Project Nim is a wonderful, heartbreaking documentary. It's central character is a chimpanzee, Nim, who became something of a celebrity in the ‘70s as the centre of an experiment to see if an ape could learn to communicate with human language. To that end he was brought up without contact with other apes, in, basically, human society.
That may have been what the outside world saw but this film delves into what really happened. This was, after all, the ‘70s, a time of consciousness-raising and self-awareness and self-important researchers who thought they ruled the world. Poor Nim was shuffled between environments, had his carers changed with the same regularity that the chief 'scientist” would discard his research students (after having affairs with them) and was eventually abandoned for not producing the required results.
Put together by the same director who made the marvellous Man On Wire, this is an enthralling and subtly appalling story, one that reveals as much about the inhumanity of humans as it does about the humanity on apes. And, damn, you come out of it really wanting to slap around those self-absorbed scientists.
Machine Gun Preacher finds Gerard Butler's mean biker Sam being released from prison, furious that his wife has found god and given up stripping. He leaps straight back into shooting up and stealing drugs. But, before you know it, Sam's got himself baptised and is a changed man, cleaning up his life and moving from the trailer park into a nice house. Then – inspired by a church speaker – he's off to Africa where he ends up running an orphanage in a war zone. It's a story that seems too good to be true, but the kicker is that it is. True that is. End credits show pics of the real Sam Childers and others. It a tough film buoyed by its African locations and topical subject matter: the villain here is the same Joseph Kony currently in the news again.

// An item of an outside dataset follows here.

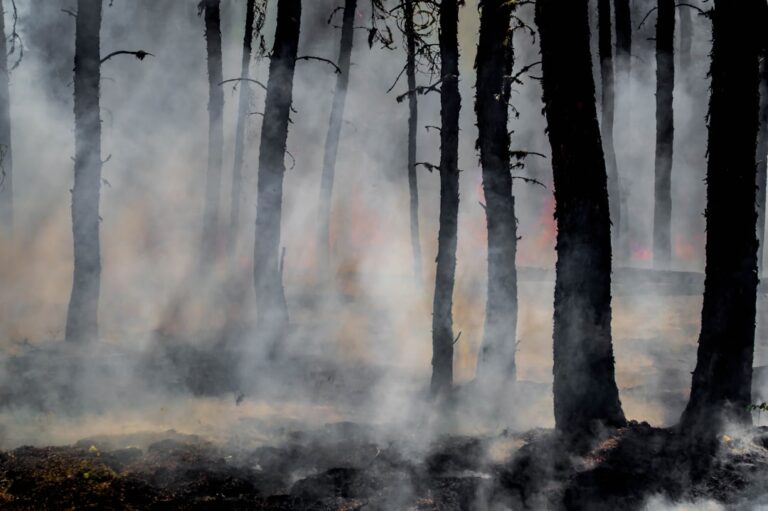 Scorched Tree from Fire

Putting a supporting character front and centre for their own movie is a risky endeavour, especially from a franchise that went on for about two films too many, but Puss in Boots manages the job admirably. In fact the Antonio Banderas-voiced feline is a lot more fun than anything that has happened in the recent Shrek movies and the fast paced story and – as expected – fantastic animation return to the original Shrek approach of extracting the Michael from nursery rhyme characters (as opposed to the random pop culture jokes that took over). A lot of fun.
It's the year 2027 and boxing is now the domain of 8 foot tall robots. Real Steel is, however, primarily a family film, running on movie clichés, populated by movie caricatures, and powered by an engine of pure schmaltz. Ex-fighter and deadbeat dad Hugh Jackman is reunited with his stubborn smart-ass 11 year old son and together they 'train” an unlikely bot, progressing from underground bouts to the big tournament. Along the way many life lessons are learnt and predictable bonding occurs. And robots fight. It's big and bold and flashy and boys of a similar age to the young protagonist will probably love it.

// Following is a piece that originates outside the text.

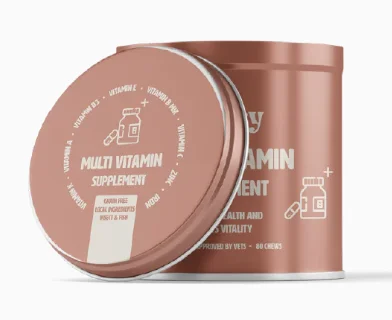 GUTSY MULTVITAMIN SUPPLEMENT 200G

Frayed is a nasty low-rent horror outing that rips off Halloween, goes nowhere except to a series of illogically stupid final twists, and takes too long doing it. Pre-teen Kurt bludgeons his mother to death and is institutionalised. Years later he escapes and heads home, killing everyone in his path. A cast of unknowns stumble through a mess of predictable shocks, occasionally very unpleasant but hardly living up to the cover warning: 'This film contains one of the most disturbing scenes ever depicted on film.” Even those who view that as a recommendation will be disappointed.